Friday, November 2, 2012

Pomp and Recompense November 11, 2012 Twenty-Seventh Sunday of Ordinary Time, Year B Mark 12.38-44




            Tony Celelli, our president here at the South Texas School of Christian Studies, recently received his doctoral regalia. It is stunning: a sort of steel-blue gown with cobalt blue chevrons picked out in gold piping, off the shoulder with a slit up one side. (All right, I made that last part up, but it would add some dash.) He has declared that henceforth we will wear gowns and hoods to our weekly faculty meetings.
            I don’t blame him!  I myself have never managed to develop the professional disdain one is supposed to display for the full regimentals of religious scholarship. I have owned my academic trappings for six years now and still look for opportunities to tog up, even to wear the hat – an oversized octagonal tam that looks like some sort of monstrous velvet sombrero. I worked hard for the right to wear this get-up and I feel smarter just hearing it swish around me as I walk. And I still get a charge every time someone refers to me as “Dr. Jackson.”

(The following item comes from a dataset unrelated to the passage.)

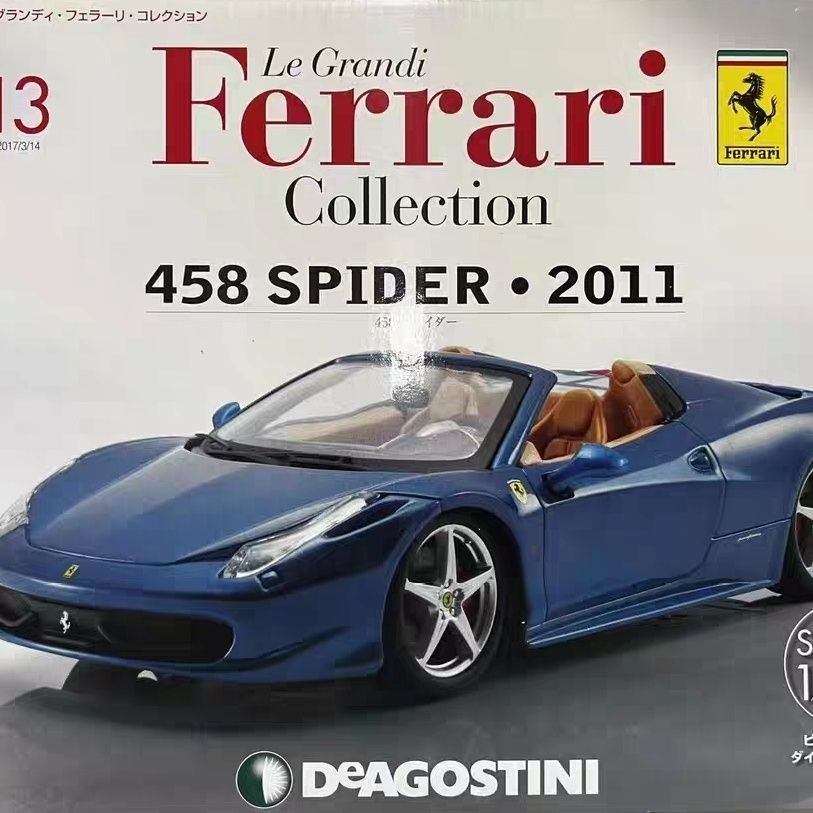 IXO 1/24 Ferrari 458 Spider 2011 Racing Sports Car Alloy Model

            All of that is harmless enough, I suppose, but Jesus took a dim view of such sartorial distinctions, and he wasn’t much for titles. The problem is that flowing robes have plenty of room for deep pockets and can cover up a lot in the way of ill-gotten gains. The position of seminary professor implies a certain holiness that I may not in fact possess, and can lead me to forget that an unnoticed widow may outdo me in her love for God.

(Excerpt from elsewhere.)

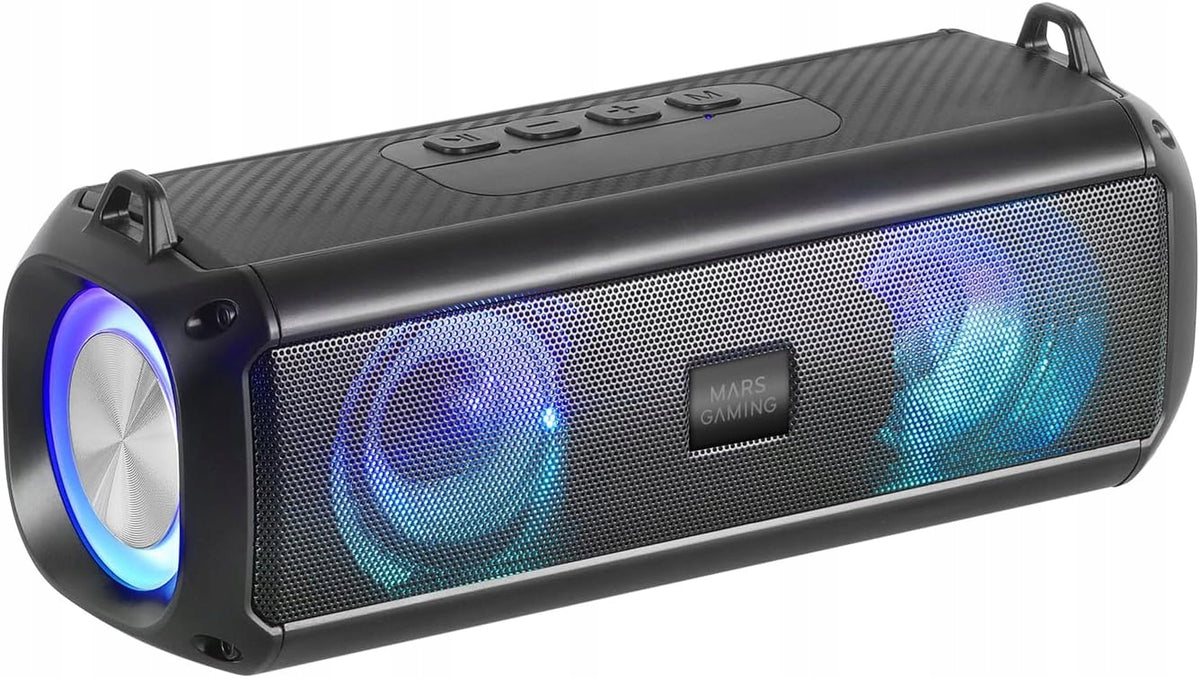 Portable speaker Mars Gaming MSBXT white , 4 Speakers 20W Dynamic RGB Manufacturer code MSBAXP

            At the final moment of his conversion, St. Francis of Assisi shucked the silken finery he had always worn as a rich man’s son. No one is quite clear on how he then came by the battered brown tunic that the turned into a friar’s habit – some say he traded for it with a beggar; G. K. Chesterton speculates that he may have stolen it from a scarecrow. However he obtained his outfit, Francis was the man who made the clothes. “Ten years later,” records Chesterton, “that make-shift costume was the uniform of five thousand men, and a hundred years later in that, for a pontifical panoply, they laid great Dante in his grave.”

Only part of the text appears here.